The sequence after this one brings out the darker side of Bryant. He orders breakfast the following morning and finds he still has an appetite. He develops the film and finds himself mixed with both joy and revulsion. He quickly realizes what he has to do and proceeds to hop from city to city, killing and photographing all manner of the homeless. He goes on like this for several months without any real remorse until he nearly gets caught the night Detective Richards asked him if he saw anyone leaving the prostitute’s motel room.
The story—and Bryant—turns again when he has the revelation that the man he killed at the start of the story was Reg, the same homeless man he met and semi-befriended back when working on his previous book. But this is merely window dressing in my humble eyes. It’s a necessary part of the formula to finish the story. The real magic is that scene when Wales shows us the good hiding inside the bad.
THE NEW: “Seed”
AUTHOR: Erin L. Kemper
APPEARANCE: Cemetery Dance #74/75: October, 2016. (Story #6 of 11)

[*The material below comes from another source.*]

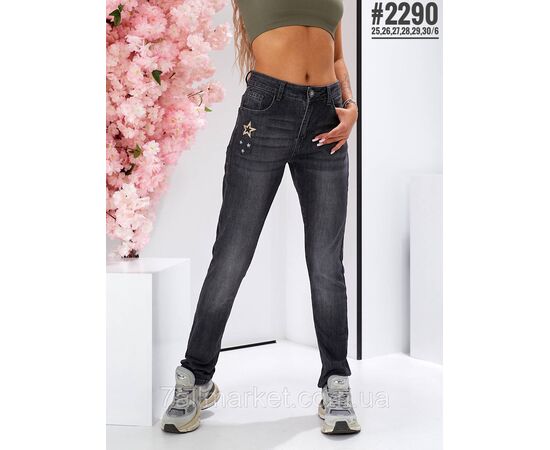 Фотография Женские джинсы с декором размерный ряд 25 26 27 28 29 30 "PARTNERS" недорого от прямого поставщика, изображение 5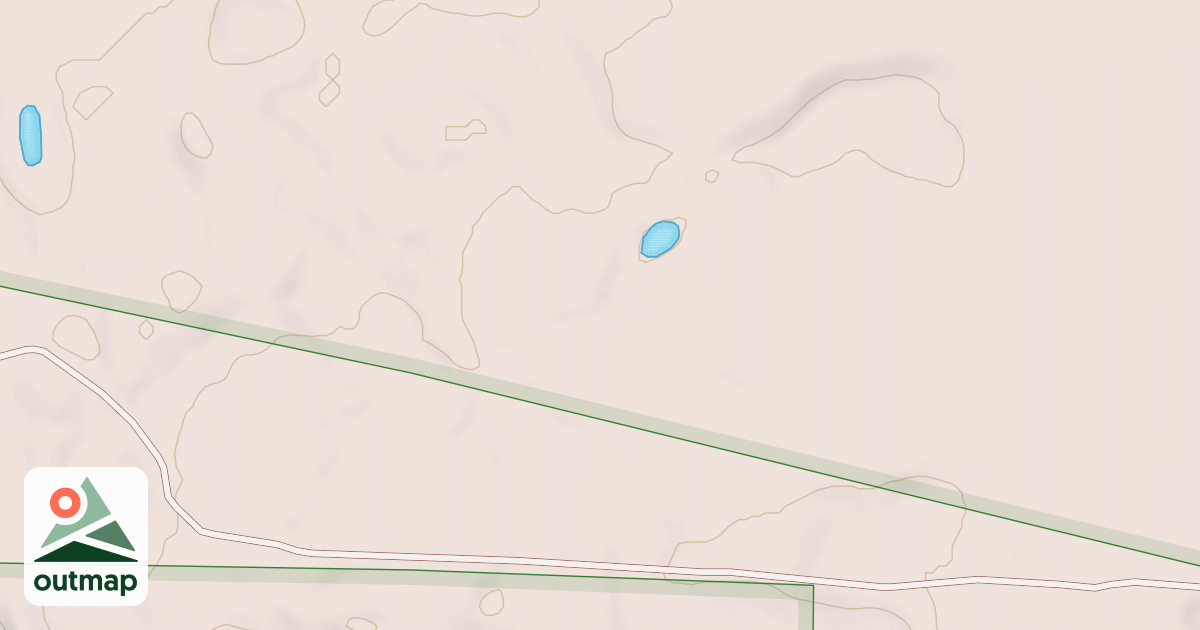 Map of FR 3736 SPUR A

A BRIEF PLOT SUMMARY (with spoilers!): As a child psychologist for the police, Pauline’s toughest case is Thomas Walden, a 12-year-old boy who had killed a school bully. In her first interview with him, he’d told her “My family can’t help me,” and he was right. The Waldens were mysteriously dismissive: they refused to discuss Thomas and had even sent him into foster care. Stranger still, Pauline’s research revealed the Waldens had five additional children, and Thomas wasn’t even the strangest story among them. The third child, Chloe, had been put up for adoption. Why two of the Walden children had ultimately been cut adrift while the other four remained part of the family made no sense at all.
Five years later, Pauline visits Thomas on the morning of his release but is shocked to learn that for the first time a family member had come to visit him the day before. The security guard tells her it was Chloe and that the girl had a notable hunchback and limp. But when Pauline confronts Thomas about his sister, he still won’t open up. “Stay away from my family,” he says. “For my sake… for your sake.”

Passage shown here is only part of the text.